Finding an apartment in Shanghai is a rather curious experience, to say the least.  If you’re not sure what I’m talking about, go check out The Story Behind Our Apartment in Shanghai.  Even though Shanghai is actually quite westernised compared to what many people think, it is still not the same as back home.  There are huge cultural differences, both in everyday life and the business community.  To add to the madness, there is also a separate business code that applies to foreigners.  With the combination of the language barrier and the culture gap, there isn’t much that can’t go wrong.  It sets the stage for a version of Murphy’s law on steroids.  You don’t need to be incredibly imaginative to end up with a dreadful apartment that costs loads of money and only offers sadness.

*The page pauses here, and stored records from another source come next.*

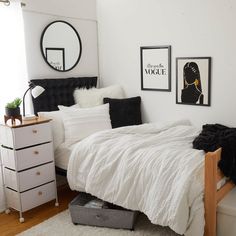 a bedroom with white bedding, black and white decor and pictures on the wall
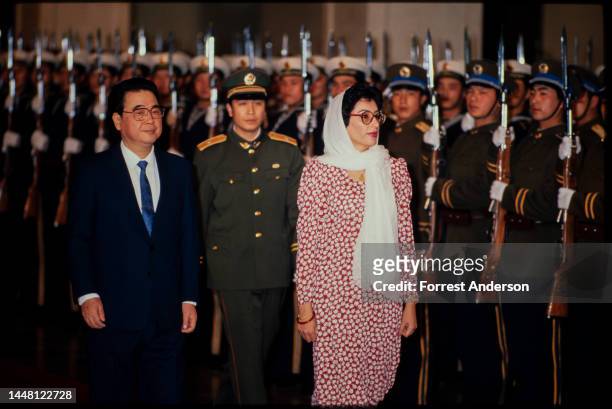 Chinese Premier Li Peng and Pakistani Prime Minister Benazir Bhutto walk together during a welcoming ceremony inside the Great Hall of the People,...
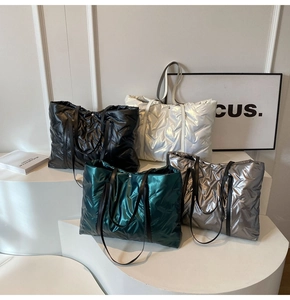 Detail von gesteppten Daunen-Tote-Bags in Metallic-Farben mit Leder-Schultergurt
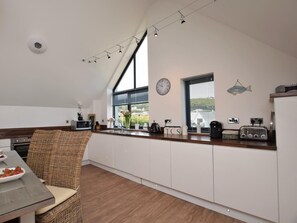 A modern kitchen with a dining area, featuring a high ceiling, large windows, and a clock on the wall. - 3 Bed in Bideford (oc-40820) (Northam)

This is a guide to finding an apartment in Shanghai that will help you to avoid mishaps and the misfortune of finding yourself in the middle of a scam.  The guide is written for Shanghai in specific, but most of the information will also apply to other big cities in China, with prices being the exception.

Finding a Real Estate Agent

The first thing you need to do is to find an agent to guide you through the foreign streets of this massive metropolis.  Finding an apartment in Shanghai is nigh impossible without an agent’s assistance.   Unless, of course, you are fluent in Chinese.

How to Find a Real Estate Agent

The best way to find an agent is to pursue one or all of the options below.

  • SmartShanghai has a housing section on their website where agents can advertise their listings.  The page also contains the Wechat contact information of all the agents.  Most of these agents speak some English, so this is a good place to start.
  • Talk to your colleagues and ask them if they know of any agents they can refer.  This is a great way of finding a good agent that you know won’t scam you.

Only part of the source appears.